_DATA TO EXAMINE_
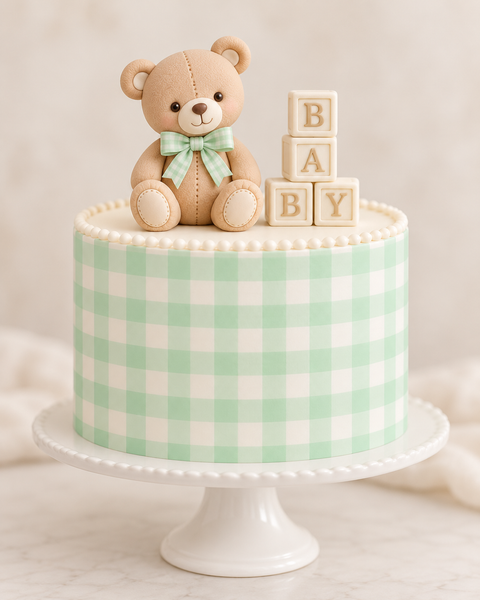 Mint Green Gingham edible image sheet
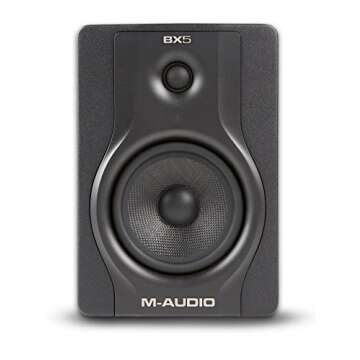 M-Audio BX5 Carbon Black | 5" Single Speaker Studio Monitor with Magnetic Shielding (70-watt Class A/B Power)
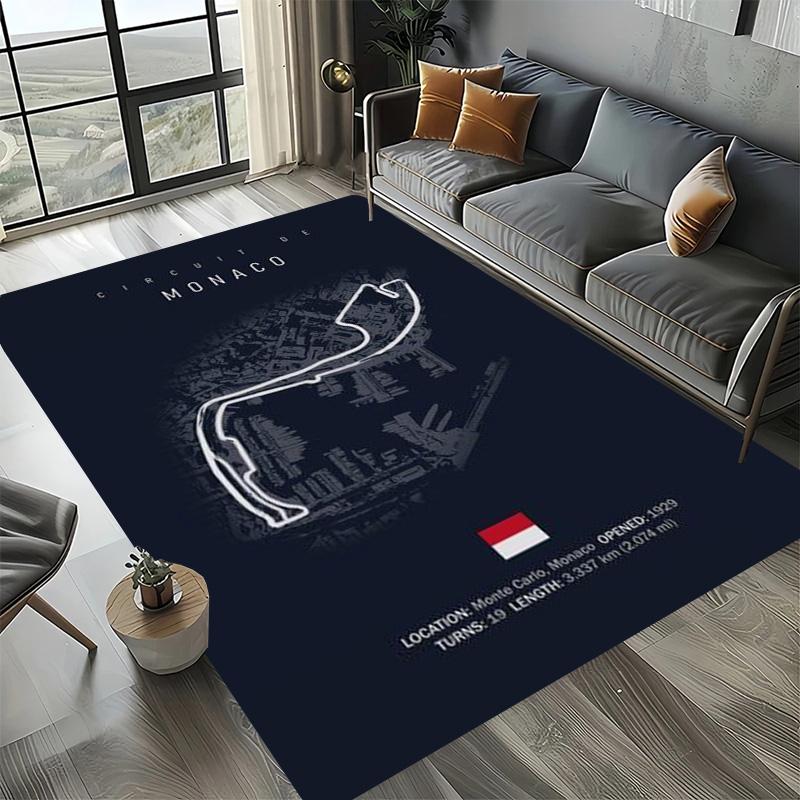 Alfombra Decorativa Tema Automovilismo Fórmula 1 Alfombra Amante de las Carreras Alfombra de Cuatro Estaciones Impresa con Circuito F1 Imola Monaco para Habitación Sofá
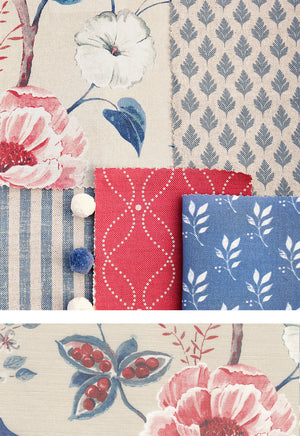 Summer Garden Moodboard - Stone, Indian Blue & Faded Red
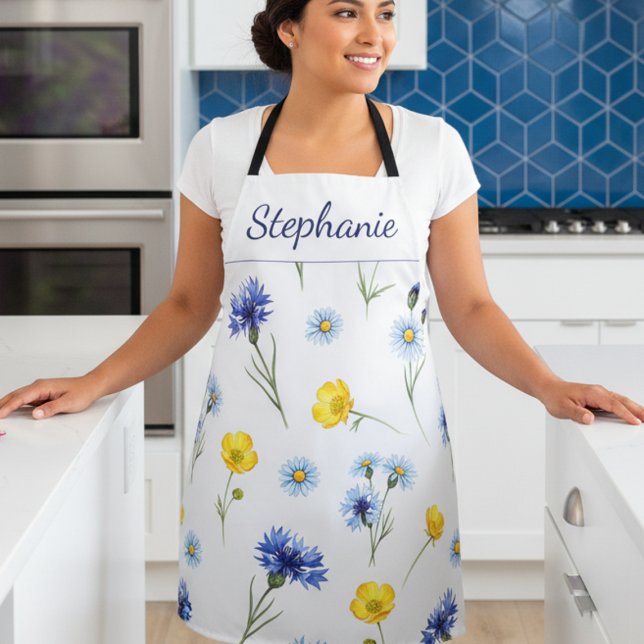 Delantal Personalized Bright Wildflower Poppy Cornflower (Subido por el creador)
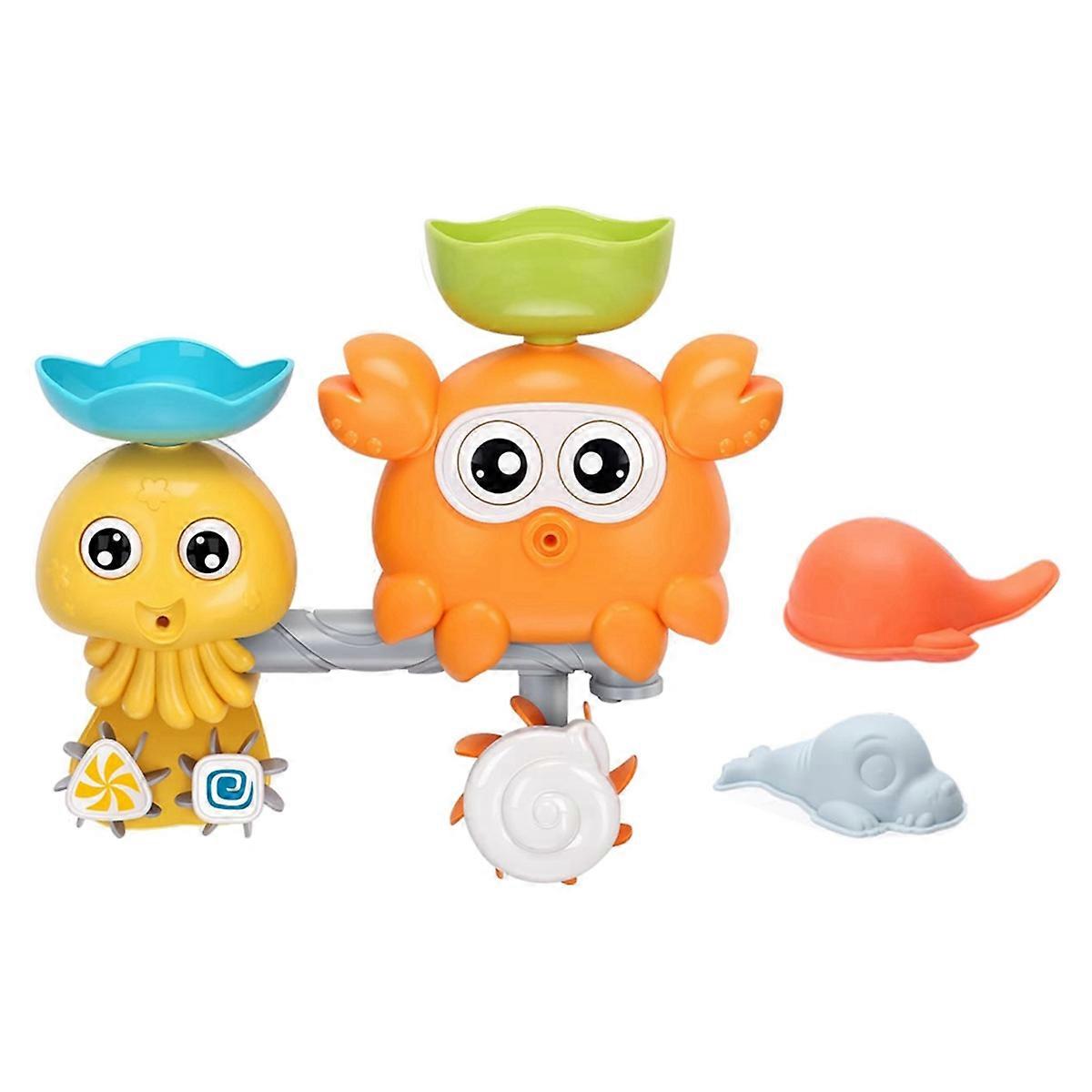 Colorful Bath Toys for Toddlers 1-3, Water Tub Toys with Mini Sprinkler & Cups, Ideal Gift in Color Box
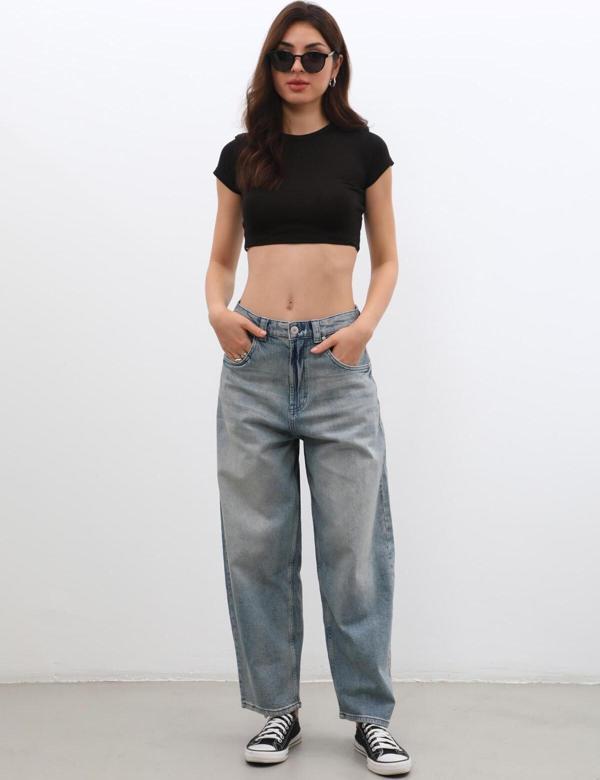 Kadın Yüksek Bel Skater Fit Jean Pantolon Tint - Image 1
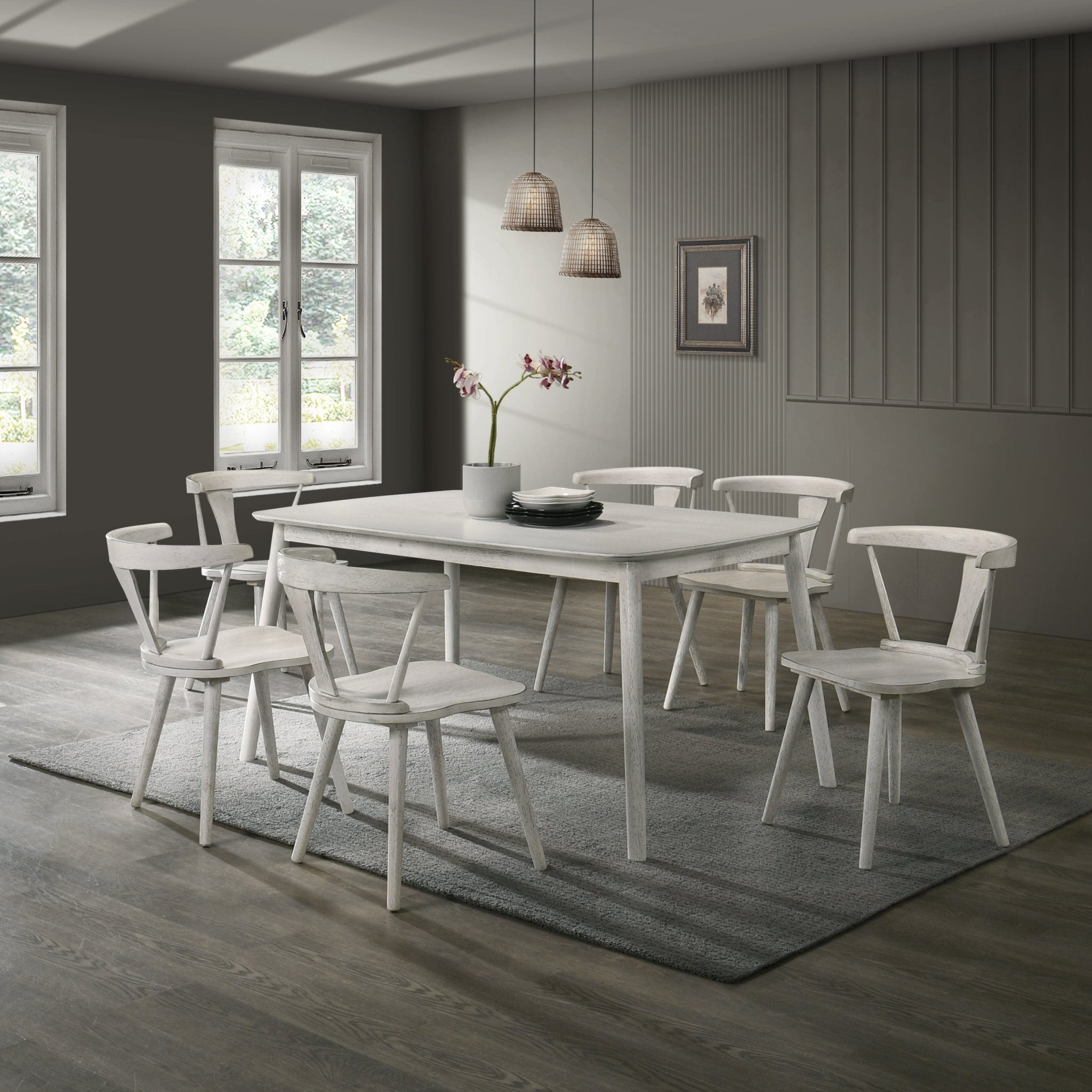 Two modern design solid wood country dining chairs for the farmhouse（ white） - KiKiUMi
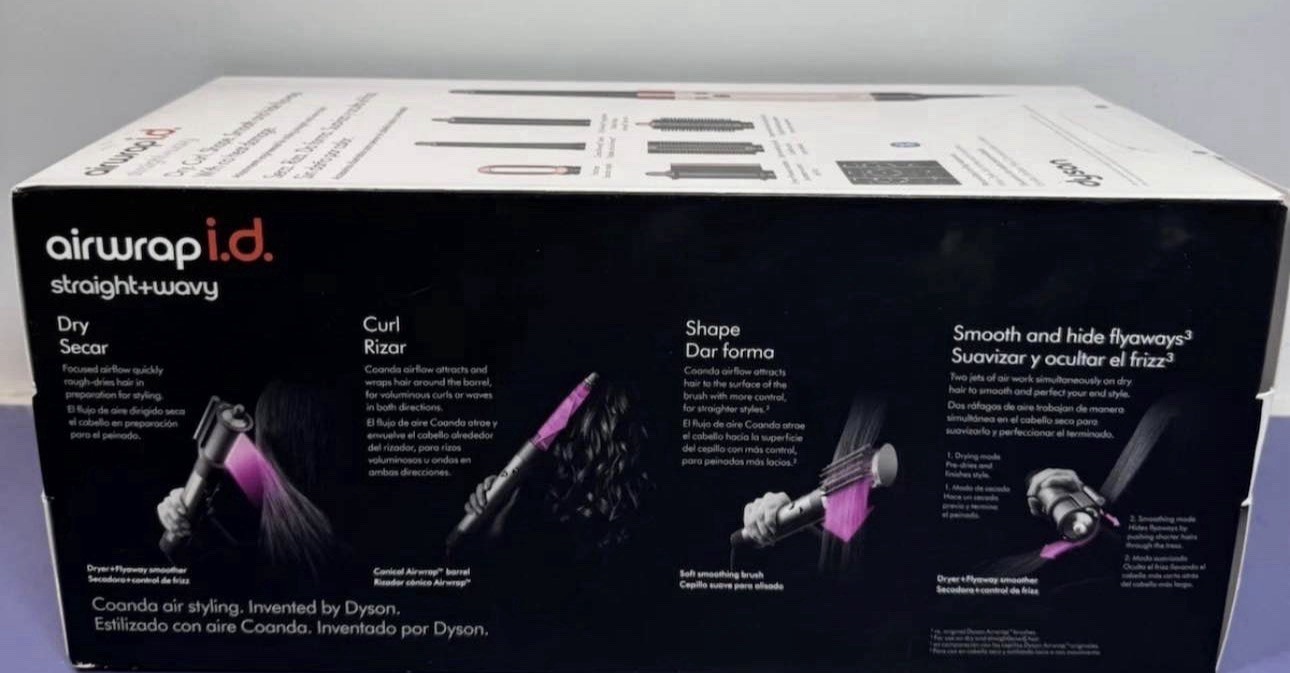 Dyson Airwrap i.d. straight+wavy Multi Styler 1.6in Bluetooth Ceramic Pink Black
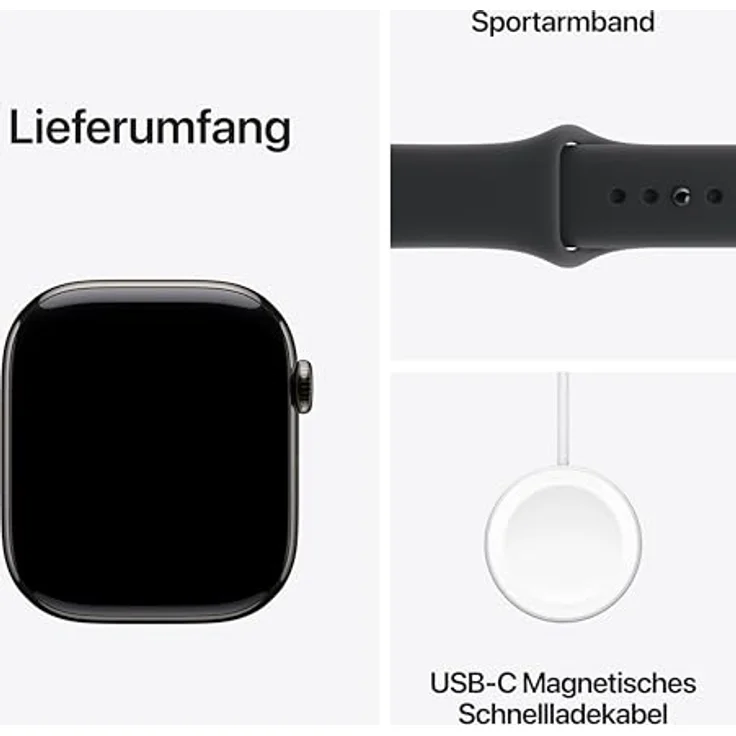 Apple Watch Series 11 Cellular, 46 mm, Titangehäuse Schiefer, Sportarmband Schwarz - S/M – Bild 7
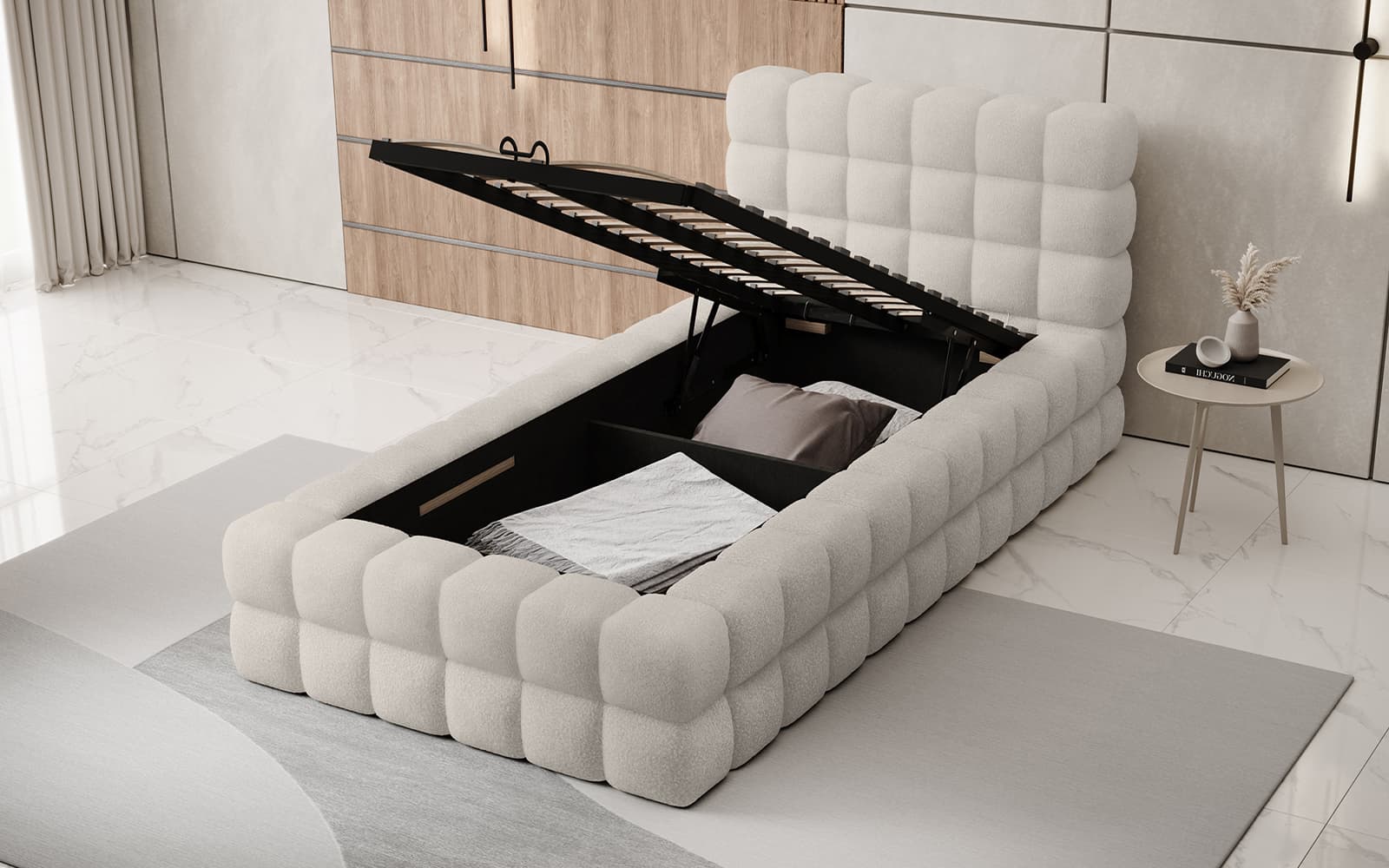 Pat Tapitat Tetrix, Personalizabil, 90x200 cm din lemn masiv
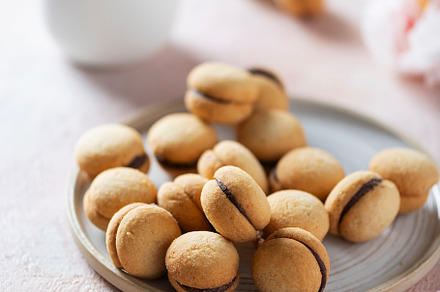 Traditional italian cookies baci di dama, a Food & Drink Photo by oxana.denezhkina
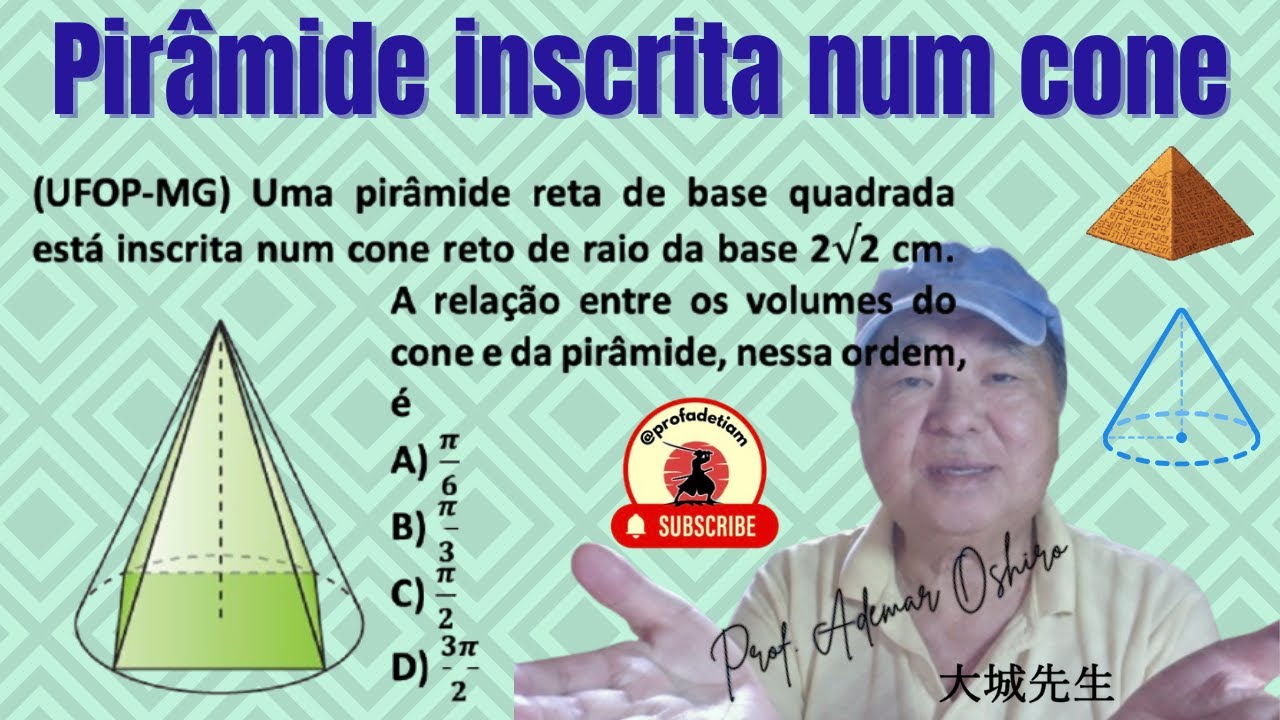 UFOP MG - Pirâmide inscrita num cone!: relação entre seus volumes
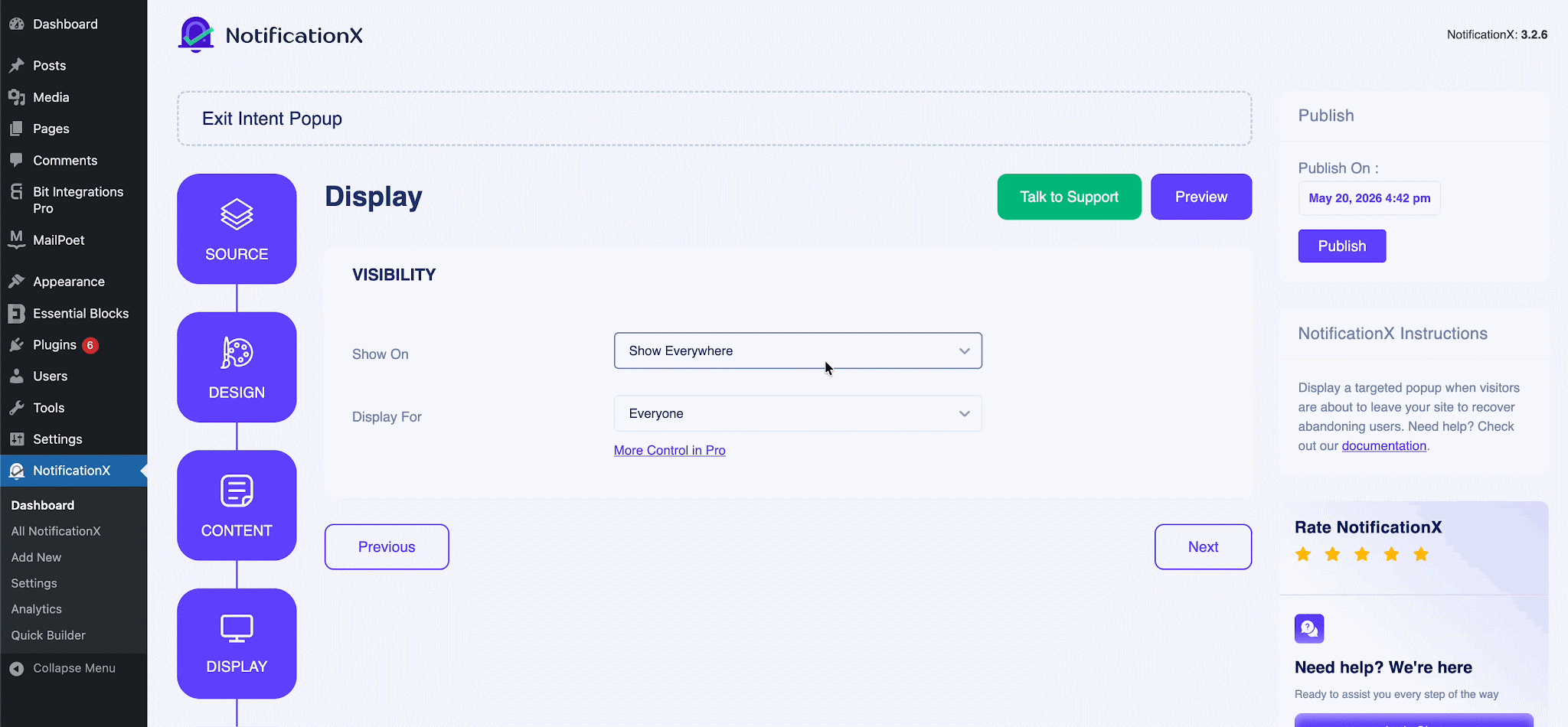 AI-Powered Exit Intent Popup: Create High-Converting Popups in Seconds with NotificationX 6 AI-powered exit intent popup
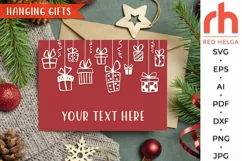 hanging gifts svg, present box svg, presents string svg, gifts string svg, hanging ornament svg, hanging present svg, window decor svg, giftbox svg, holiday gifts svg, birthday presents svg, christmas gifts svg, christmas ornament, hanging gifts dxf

_WHAT IS NEEDED_
Reproduce, word for word, every line from the start of the records down to and including the line with "M-Audio BX5 Carbon"; skip the pictures.

_REPLY_
 Mint Green Gingham edible image sheet
 M-Audio BX5 Carbon Black | 5" Single Speaker Studio Monitor with Magnetic Shielding (70-watt Class A/B Power)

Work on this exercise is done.